By 1998, he was eyeing a run for his party’s leadership. But Hardy had other plans. A week before the state senator had to file his petitions before reelection, he told his son that he didn’t want to do it anymore.
“Should I circulate my own petitions?” Tony asked him.
“What else do you think I’m saying?” Hardy replied.
Williams won his father’s seat unopposed.
IN PERSON, WILLIAMS is standoffish at first, almost like he’s trying to figure out what you want from him and how much of himself he should reveal. But eventually his guard comes down, and the gregarious, sarcastic, loud, unselfconsciously honest, immensely likeable personality comes to the fore. His speeches follow a similar trajectory: a matter-of-factness that becomes an emotive rising action, then gives way to a thundering crescendo in which his stout baritone reverberates off the walls; his voice takes on the cadence of a Southern black preacher’s, then backs down—a denouement of a knowing chuckle, alit eyes and a broad smile.
This is the Real Tony, if you will, stripped of his inhibitions, comfortable in his own skin, saying whatever’s on his mind.
Sometimes, these detours into grandiosity take a turn for the absurd. Take, for instance, his concession speech the night he lost the Democratic gubernatorial primary: Before a mostly black audience at Temple, Williams declared that his campaign had sparked “a new civil-rights movement.… For the first time in the state of Pennsylvania, they heard your voice. We all won here tonight. This is the first time someone has run for governor who’s talked about the importance of life—your life. In three months, we’ve done more about the agenda related to this auditorium, to rural Pennsylvania, to urban Pennsylvania, to where the poor people are, working people are, true Democrats are, than anybody in this race.”
It was an ostentatious statement for someone who’d taken 18 percent of the vote—Onorato won with 45 percent—and foundered outside his hometown. But Williams isn’t one to exude humility, especially on a public stage. This is when his mouth outpaces his brain and his populism seems a little too contrived, undercutting Tony’s cultivated image as a Big Thinker.

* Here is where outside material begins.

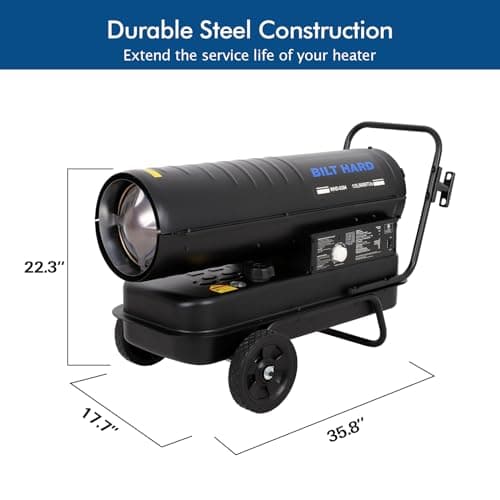 BILT HARD 135,000 BTU Forced Air Kerosene Diesel Heater with Wheels, Portable Torpedo Space Heater with Thermostat Control for Outside, Jobsite, Garage, and Construction Sites, CSA Certified 7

Other times, however, the Real Tony’s authenticity and conviction can steal the show. Speaking at an education forum for the Philadelphia Anti-Defamation League in mid-March, Tony was subdued at first, but it wasn’t long before his arms gestured wildly and his voice boomed: “I’m going to talk not as I like things to be, but as they are.” Despite increased funding during the Rendell years—for which, incidentally, he took credit: “Seventeen thousand [dollars] per child! I did that! I did that!”—there are schools still plagued by violence, where kids are warehoused rather than taught. Parents who can’t afford to move or send their kids to private schools are stuck.